4) Almost at the very end of the show (last 5-8 minutes) the final theory (always the correct one) is proposed and the killer is usually apprehended. This coming together of evidence could happen in the middle of a trial or in the lab or the field. Frequently, in the newer shows, there is a faux reenactment of the crime which just reinforces the infallibleness of the investigative team. They might miss something but they never, ever makes mistakes in the final interpretation.
5) Despite their unbelievable success rate in solving crimes (which can not be repeated in the real world), the investigators are in general unhappy people, either single or divorced workaholics. It’s rare to find a happily married man or woman on one of these shows. It’s like they are martyrs, sentenced by God to redeem their sins (whatever these might be) by righting the wrongs of the world but not experiencing any satisfaction or happiness themselves. They get their only satisfaction in life from figuring out the puzzles in other people's lives instead of their own.
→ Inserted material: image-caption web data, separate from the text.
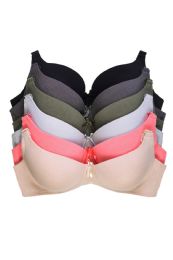 144 Pieces Sofra Ladies Full Cup Plain Cotton D Cup Bra - Womens Bras And Bra Sets
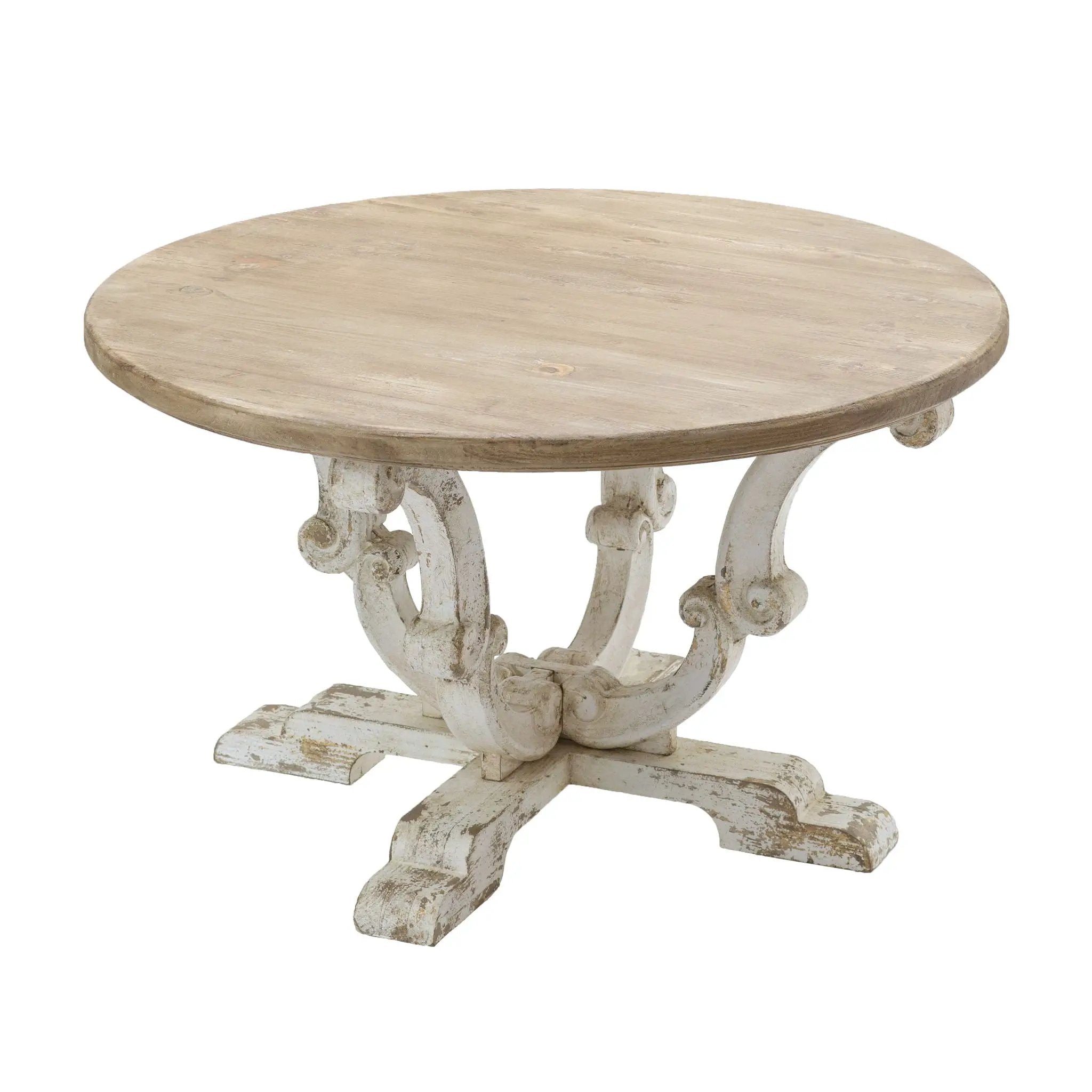 Round Wooden Coffee Table With Distressed Scrollwork Legs - Multicolor by HouseOfZazla
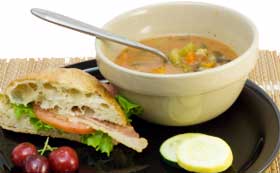 Three Sisters Diner catering soup and sandwich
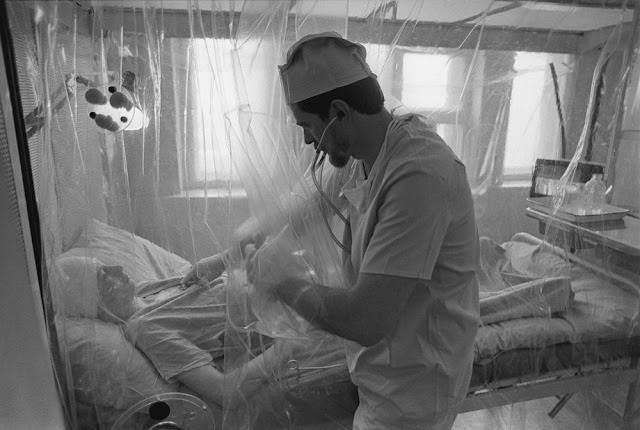 At Moscow’s No. 6 clinic, which specializes in radiation treatment, a patient recovers after a bone-marrow operation.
These shows are very addictive. Everyone loves a good story and here they are with clear beginnings, middles, and endings complete with commercial breaks. We have troubled souls as heroes (whom we can identify with) and kinky, perverted, amoral villains whom we can also live vicariously through. The shows both celebrate violence—by making it the theme of every episode—and also condemn it in moralistic terms which can make the viewer feel superior because there is the thrill of sex and violence (frequently entangled) but we watch violence perpetrated by others instead of indulging in it ourselves.
I was procrastinating the other day when I should have been working (like right now) and watched part of a “marathon” of episodes of one of these shows and before I knew it hours had passed. I had terrible thoughts and images filling my head when I tried to fall asleep that night and I’ve noticed it happening more and more after an evening of watching these shows. I’m not personally afraid of being a victim, it’s just that they've twisted my view of the world to one of an unpredictable, dangerous place full of sexual predators and random acts of violence.
I think that this worldview is enhanced by the heroes’ nonchalance about the dark side of human nature, like they expect the worst from people and can no longer be surprised by even the most deviant acts. One could call it “noir-ish” but I find it just makes me feel dismal about the human race. And that, along with recent setbacks, has me in a complete funk.
Hopefully, writing will help me exorcise some of these demons. I’m not looking for a Disneyfied view of humanity, just to hold the possibility in my heart once again that people are basically good and not opportunists waiting to take advantage of the weak and disadvantaged in our society. After I get a little of that point of view back, maybe I can work on my total mistrust of corporate America next.